Craignez-vous des représailles contre la communauté musulmane de France ?

J’ai vécu en France pendant longtemps. Je sais que les Français ont essayé d’éviter de stigmatiser les musulmans. Par contre, il faut que le traitement passionnel de cette affaire cesse. Il faut affirmer fermement que cela n’a rien à voir avec l’islam ou les musulmans. Ce qui importe, c’est de dire aux gens que le terrorisme, c’est à la limite un système de secte, de radicalisation. Les terroristes frappent aveuglément. La preuve, c’est qu’ils ont aussi fait des victimes de confession musulmane. La réaction positive de l’une des familles de la victime (Ahmed Merabet) est à saluer.

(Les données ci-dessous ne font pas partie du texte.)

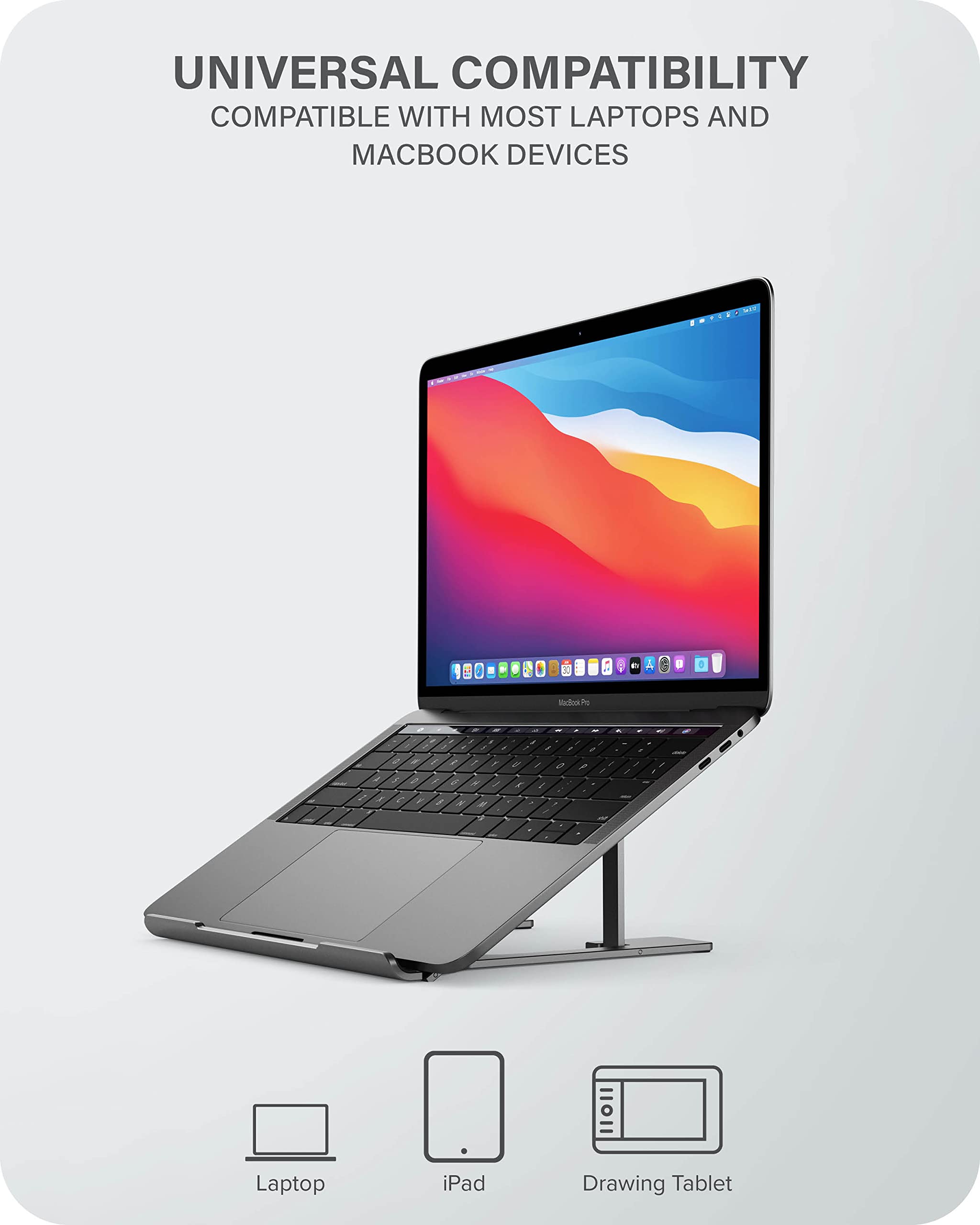 Riser per laptop portatile e regolabile ALOGIC Metro,costruito con lega di alluminio e impugnatura in silicone,sei angoli regolabili,si adatta agli ultimi MacBook, Surface e altri dispositivi laptop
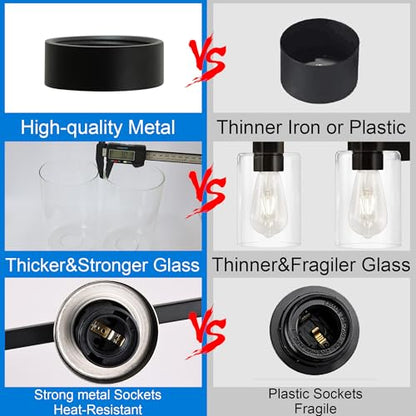 MELUCEE 40 Inches Length 5-Light Bathroom Vanity Light Fixtures Black | Industrial Wall Sconce Lighting with Clear Glass Shade for Living Room Bedroom Hallway Kitchen (Patent No.: US D963914 S) - color: Black, size: 5-Light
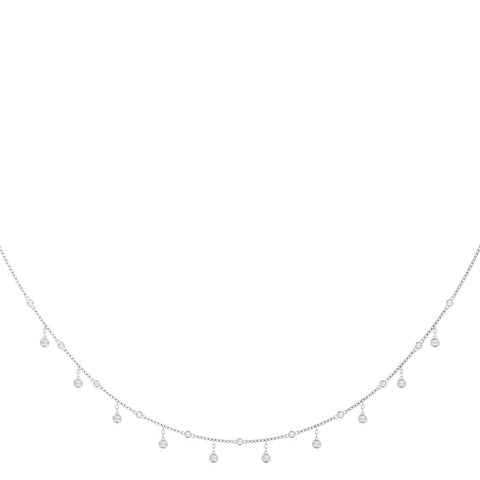 White gold Round Bezel Set Diamond Station Necklace with Cable Chain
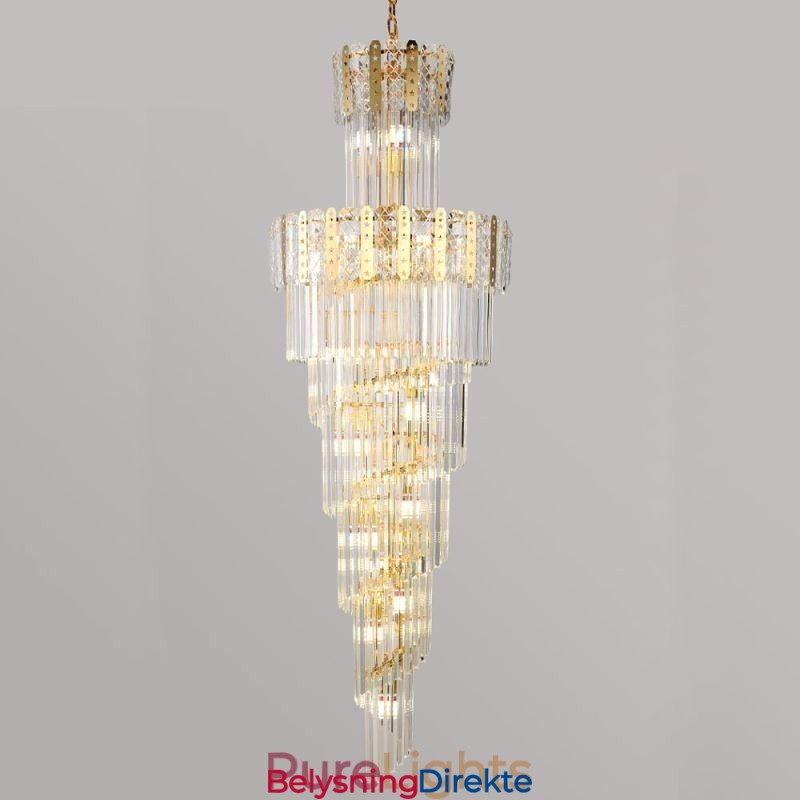 Gullkrystall Pendellampe Luksuriøs Dekorativ Taklampe 60 * H180 Cm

Pour éviter la persistance des amalgames, il faut tenir un discours clair, dire qu’il y a des gens qui sont contre la société. Et ces individus sont des terroristes. Prendre aussi des mesures fermes contre le racisme. Il faut lutter sur les deux fronts. A défaut, le radicalisme s’en trouvera renforcé. Il faudra trouver l’équilibre entre combattre le terrorisme et ne pas stigmatiser les musulmans. Si on légifère exclusivement pour renforcer les mécanismes de lutte contre le terrorisme, ca risque de poser problème. Il faudra également donner la place à cette jeunesse française.

Nicolas Sarkozy l’avait fait avec les jeunes de banlieue en créant les adjoints de sécurité sans tenir compte de leur casier judiciaire. Si on intègre ces jeunes dans un dispositif citoyen, cela ne peut être que bénéfique pour la lutte contre le terrorisme. S’ils sont ignorés, ils deviennent vulnérables à un type de discours et par rapport à certains qui ont des moyens. Les 1 500 individus qui sont allés en Syrie pour se faire former, c’est un gros problème. Il faut localiser les secteurs où les départs sont massifs pour les canaliser. L’objet, c’est de ne pas restreindre la liberté de voyager, mais il faut que toutes les destinations vers ces pays soient contrôlées. On ne peut  pas laisser ces jeunes partir subir une formation comme ils veulent, rentrer comme ils veulent et s’attaquer aux gens comme ils veulent.

Une marche dite républicaine a été organisée hier à Paris avec la présence de nombreux dirigeants du monde entier. Est ce un message explicite pour contenir l’avancée fulgurante du terrorisme ?

C’est plutôt une marche de solidarité. C’est une réaction spontanée, passionnelle. Je serais à Paris, j’aurais participé à ce rassemblement. C’est tout à fait normal. Mais ce n’est pas un dispositif qui anéantit ou qui est dissuasif. Ce n’est pas dans le but de véhiculer un sentiment défaitiste à la face de ces terroristes que cette marche s’est tenue.

Maintenant on attend la riposte. Elle doit être très claire, très nette. Ce qui est arrivé en France peut arriver à tout le monde. Je pense à plus près de chez nous, au Nigeria. Il y a lieu d’anticiper et de sensibiliser les gens sur ces questions. Il urge de  filtrer les entrées, de quantifier la délinquance, d’intégrer la société civile, les délégués de quartier. Il faut un système d’identification solide aux frontières, la télé surveillance peut y aider. Les moyens technologiques doivent suivre l’évolution de la délinquance. Voilà ce qu’il faudra faire pour diminuer au moins les risques car le risque zéro n’existe pas.